The origins of interface

Today’s home computers seem to evolve more incrementally than computers of a few decades ago. When the Apple II was new, innovations abounded as technology was applied and created in ways never before imagined. There were more “firsts” back then, such as the first electronic spreadsheet, VisiCalc, which cemented the computer’s place in businesses nationwide.

The genius of those early pioneers is evident, but what is sometimes overlooked are the giants upon whose shoulders they stood. The Apple II adapted and borrowed from what had come before, and one of its most significant pieces of hardware was the mouse. This input device was popularized by the Macintosh in 1984 and introduced for the Apple II a year later, but it was not an invention of Apple Computer Inc.
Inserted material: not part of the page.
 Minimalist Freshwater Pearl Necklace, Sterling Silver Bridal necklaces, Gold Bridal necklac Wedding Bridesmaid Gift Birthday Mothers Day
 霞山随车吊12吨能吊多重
The mouse was designed decades earlier by Doug Engelbart, with assistance by Bill English, both of the Augmentation Research Center at the Stanford Research Institute in Menlo Park.

It was in 1968 that Engelbart made his first public demonstration of the mouse. It was one part of a much longer presentation that included several other hardware and software innovations.
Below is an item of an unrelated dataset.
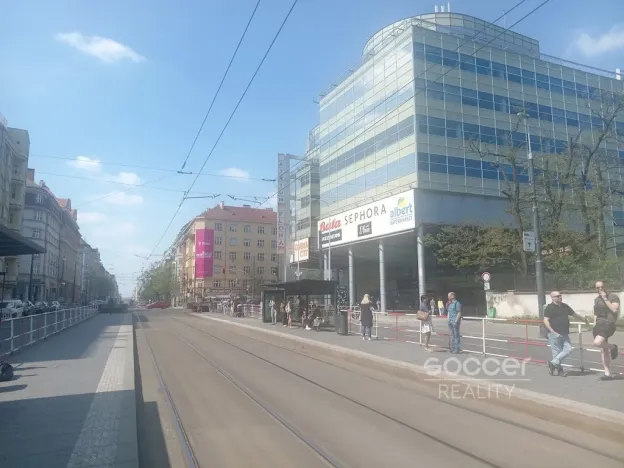 Pronájem bytu 2+kk, Praha - Žižkov, Jeseniova, 48 m2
On December 9, 1968, Douglas C. Engelbart and the group of 17 researchers working with him in the Augmentation Research Center at Stanford Research Institute in Menlo Park, CA, presented a 90-minute live public demonstration of the online system, NLS, they had been working on since 1962. The public presentation was a session in the of the Fall Joint Computer Conference held at the Convention Center in San Francisco, and it was attended by about 1,000 computer professionals. This was the public debut of the computer mouse. But the mouse was only one of many innovations demonstrated that day, including hypertext, object addressing and dynamic file linking, as well as shared-screen collaboration involving two persons at different sites communicating over a network with audio and video interface.

That occasion was preserved in audio and video and is available as this YouTube video.
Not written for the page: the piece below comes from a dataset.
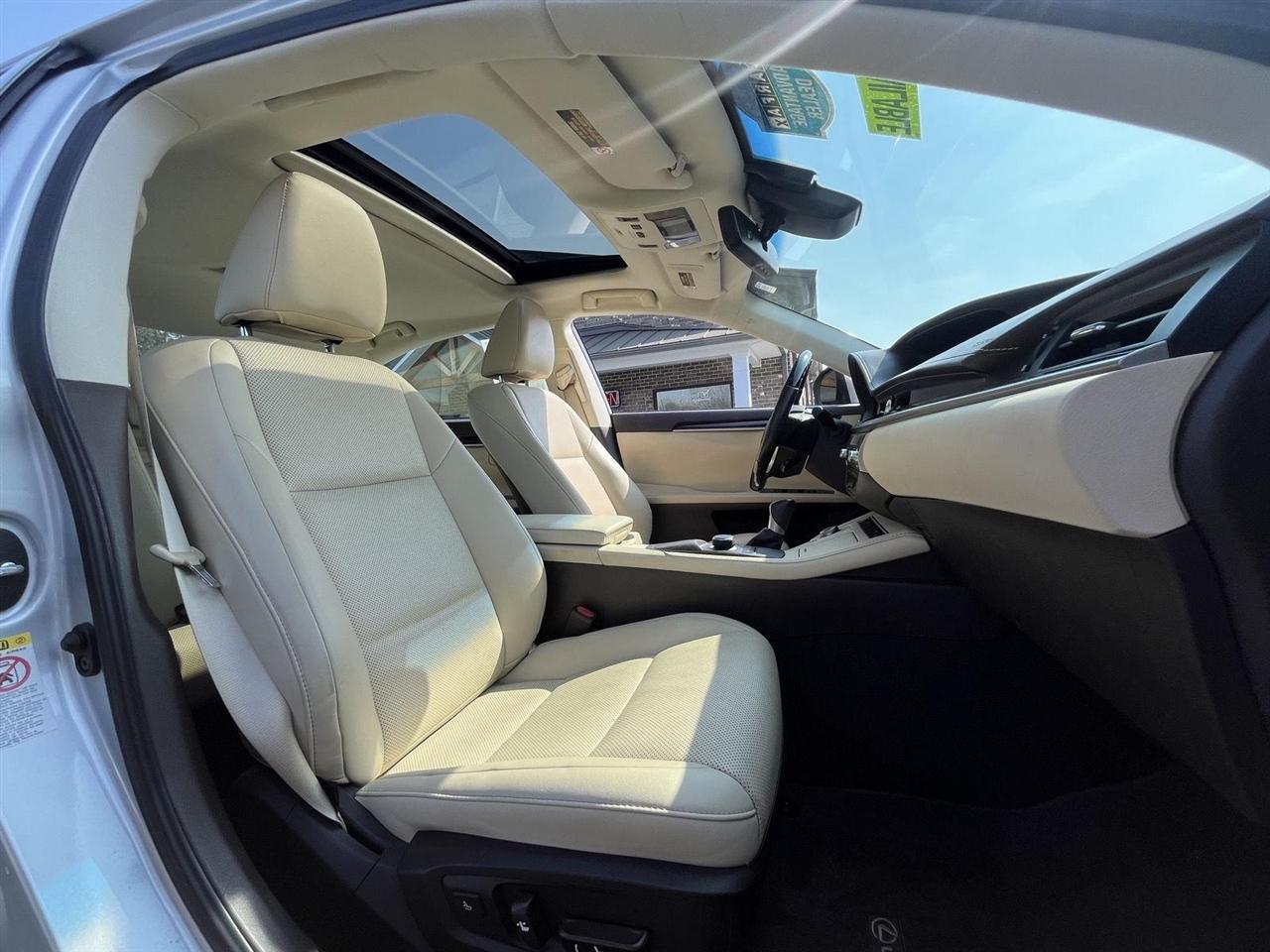 Lexus ES 350 4dr Sdn 2016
Computers developed very quickly from that point, with many of the word processing, spreadsheet, database, and connectivity concepts Engelbart demonstrated soon becoming available and accessible to the average consumer. That revolution hasn’t stopped, with the expansion of the Internet becoming a truly global phenomenon. What would Engelbart, from his humble yet insightful beginnings, think if he could see today’s computers?

Fortunately, Engelbart is still alive and well, and writer and teacher Howard Rheingold recently hosted Engelbart and Ted Nelson, who coined the term “hypertext”, for dinner. Here is some of their discussion:

Just as using perspective in painting seems self-evident to us today but was groundbreaking upon its first application, our every-day input devices are often taken for granted. But we have a growing number of ways to interact with electronic devices, be QWERTY or DVORAK keyboards, mice, graphics tablets, inbuilt microphones, Web cameras. or touch screens. The Apple II familiarized many of us with these foreign concepts, but people like Doug Engelbart made it possible.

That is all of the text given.